§ GIVEN INFORMATION:
=-=-=-=-=
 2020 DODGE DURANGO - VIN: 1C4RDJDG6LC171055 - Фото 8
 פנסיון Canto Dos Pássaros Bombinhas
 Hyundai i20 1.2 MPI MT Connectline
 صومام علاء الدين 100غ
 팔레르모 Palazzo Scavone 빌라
=-=-=-=-=
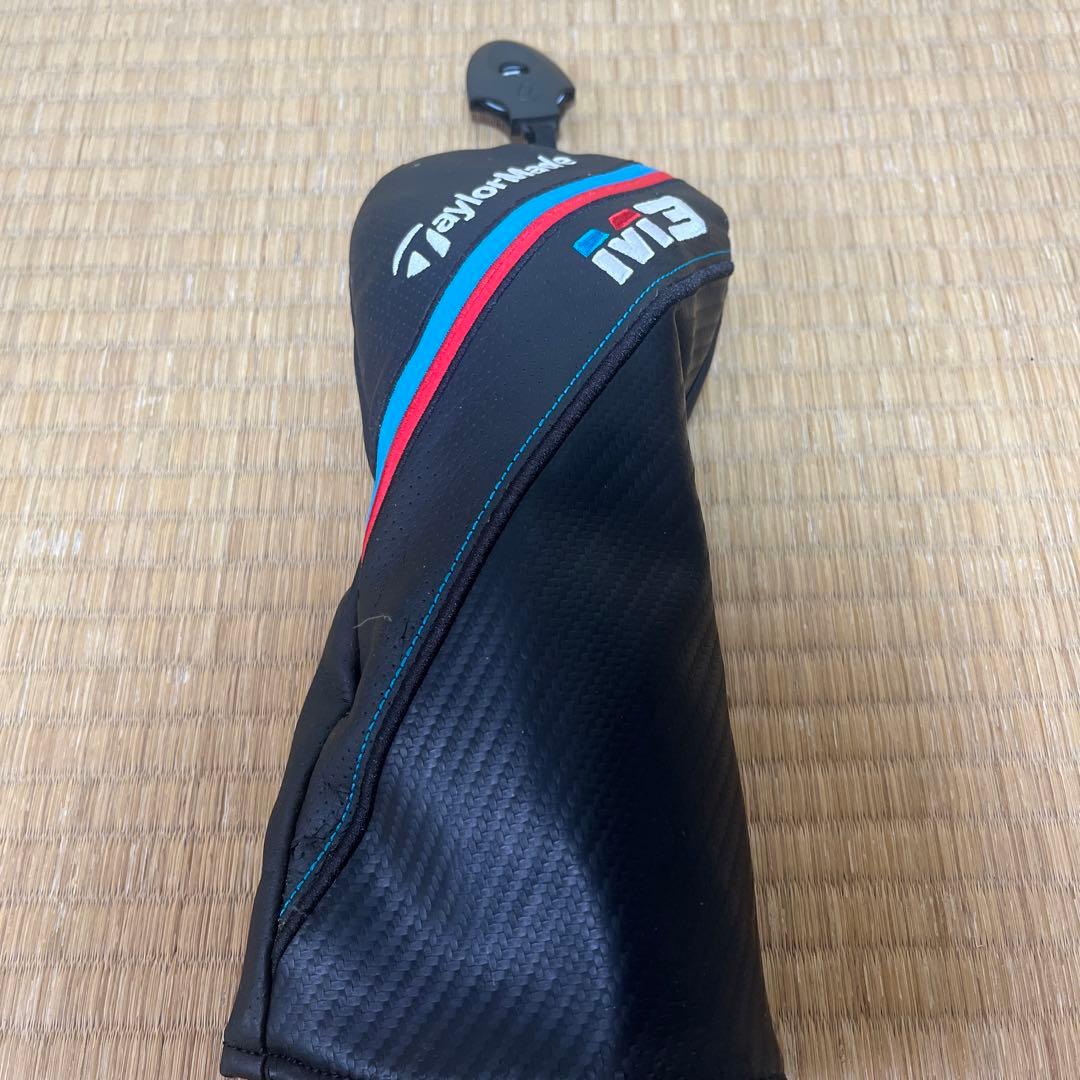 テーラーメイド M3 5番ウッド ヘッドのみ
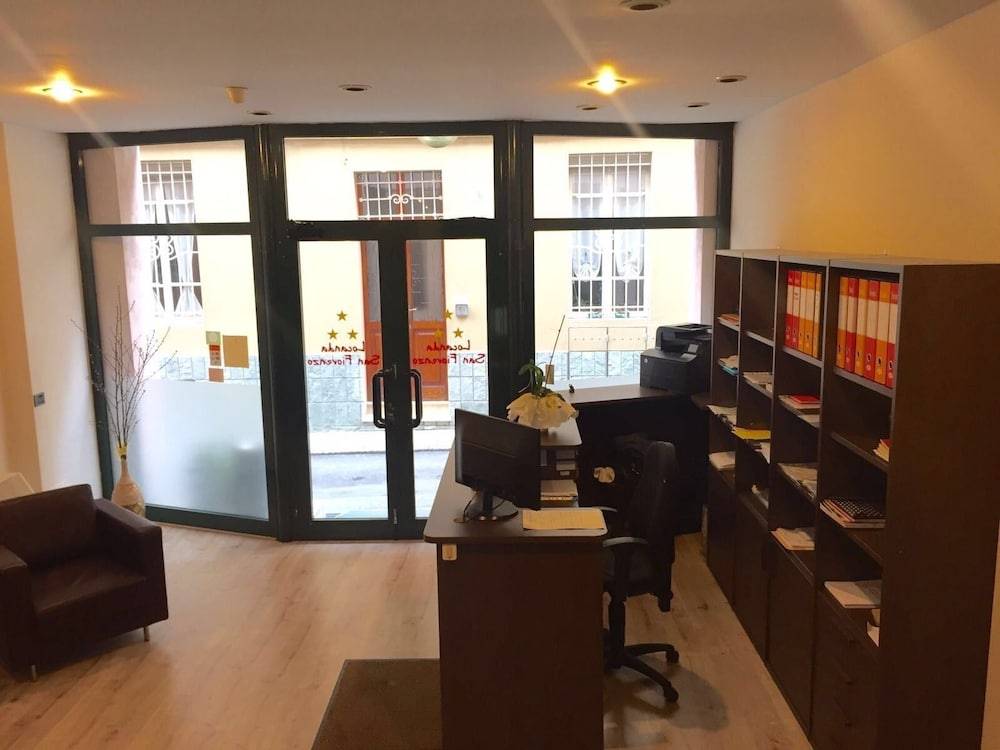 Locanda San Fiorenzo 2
=-=-=-=-=
Above are records; repeat only the lines starting at the line with "פנסיון Canto Dos Pássaros Bombinhas" and ending at the line with "팔레르모 Palazzo Scavone 빌라", exactly as they appear, both included.

 פנסיון Canto Dos Pássaros Bombinhas
 Hyundai i20 1.2 MPI MT Connectline
 صومام علاء الدين 100غ
 팔레르모 Palazzo Scavone 빌라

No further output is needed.